AI Alignment Research Overview (by Jacob Steinhardt)

I'm really excited to see someone outline all the work they think needs solving in AI alignment - to describe what the problem looks like, what a solution looks like, and what work has been done so far. Especially from Jacob, who is a coauthor of the Concrete Problems in AI Safety paper.

Below, I've included some excerpts from doc. I've included the introduction, the following section describing the categories of technical work, and some high-level information from the long sections on 'technical alignment problem' and the 'detecting failures in advance'.

Introduction

This document gives an overview of different areas of technical work that seem necessary, or at least desirable, for creating safe and aligned AI systems. The focus is on safety and alignment of powerful AI systems, i.e. systems that may exceed human capabilities in a broad variety of domains, and which likely act on a large scale. Correspondingly, there is an emphasis on approaches that seem scalable to such systems.

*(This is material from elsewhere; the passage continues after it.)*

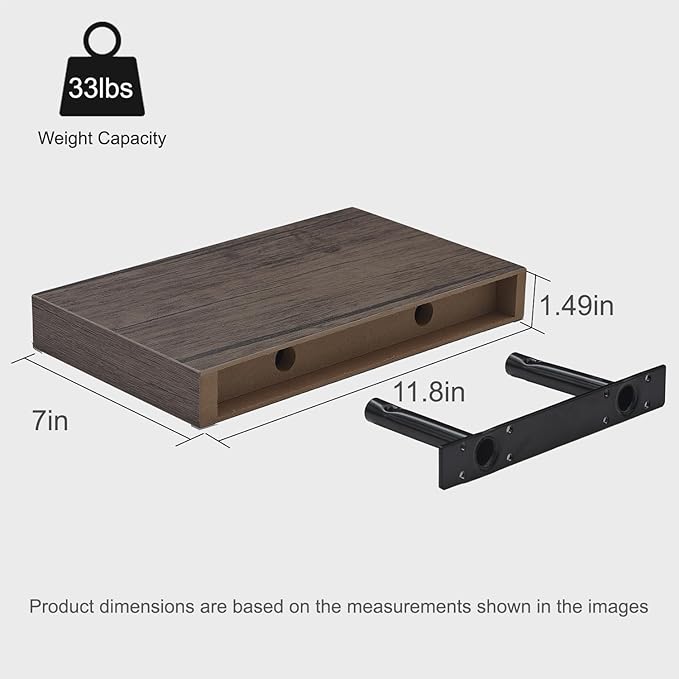 Bathroom Floating Shelves for Wall, Smoke Gray Small 11.8" Floating Shelf for Storage, Display and Farmhouse Rustic Home Decor, Perfect Over Toilet for Bedroom, Kitchen or Living Room, 2-Pack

By “aligned”, I mean that the actions it pursues move the world towards states that humans want, and away from states that humans don’t want. Some issues with this definition are that different humans might have different preferences (I will mostly ignore this issue), and that there are differences between stated preferences, “revealed” preferences as implied by actions, and preferences that one endorses upon reflection (I won’t ignore this issue).

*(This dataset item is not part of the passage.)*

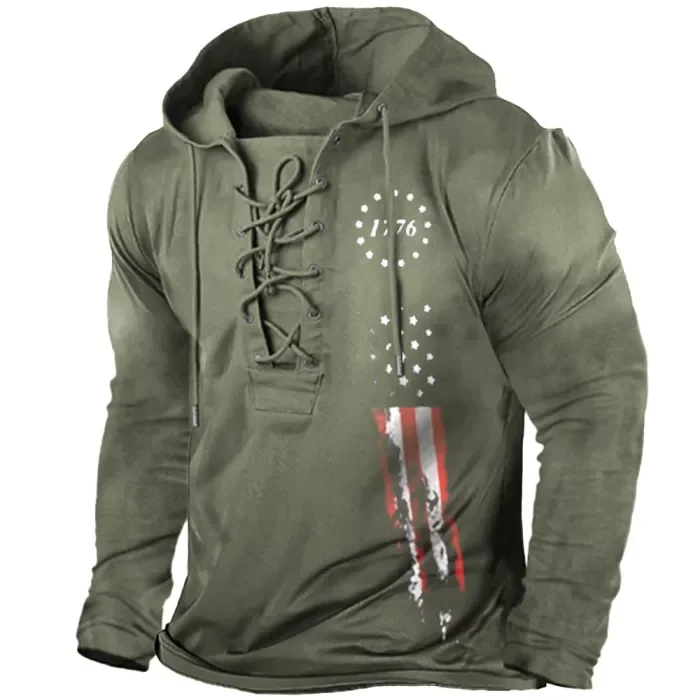 Mens Outdoor Vintage Tie National Flag Tactical Classic Long Sleeve Hooded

I think it is quite plausible that some topics are missing, and I welcome comments to that regard. My goal is to outline a critical mass of topics in enough detail that someone with knowledge of ML and some limited familiarity with AI alignment as an area would have a collection of promising research directions, a mechanistic understanding of why they are promising, and some pointers for what work on them might look like.

To that end, below I outline four broad categories of technical work: technical alignment (the overcoming of conceptual or engineering issues needed to create aligned AI), detecting failures (the development of tools for proactively assessing the safety/alignment of a system or approach), methodological understanding (best practices backed up by experience), and system-building (how to tie together the three preceding categories in the context of many engineers working on a large system). These are described in more detail in the next section.

In each section I give examples of problems we might want to solve. I imagine these in the context of future powerful AI systems, which means that most of the concrete scenarios are speculative, vague, and likely incorrect if interpreted as a prediction about the future. If I were to give the strongest justification for the research topics below, I would instead focus on near-future and existing systems, which already exhibit many of the issues I discuss. Nevertheless, I think this imaginative exercise can be helpful both for stimulating research and for keeping the focus on scalable solutions.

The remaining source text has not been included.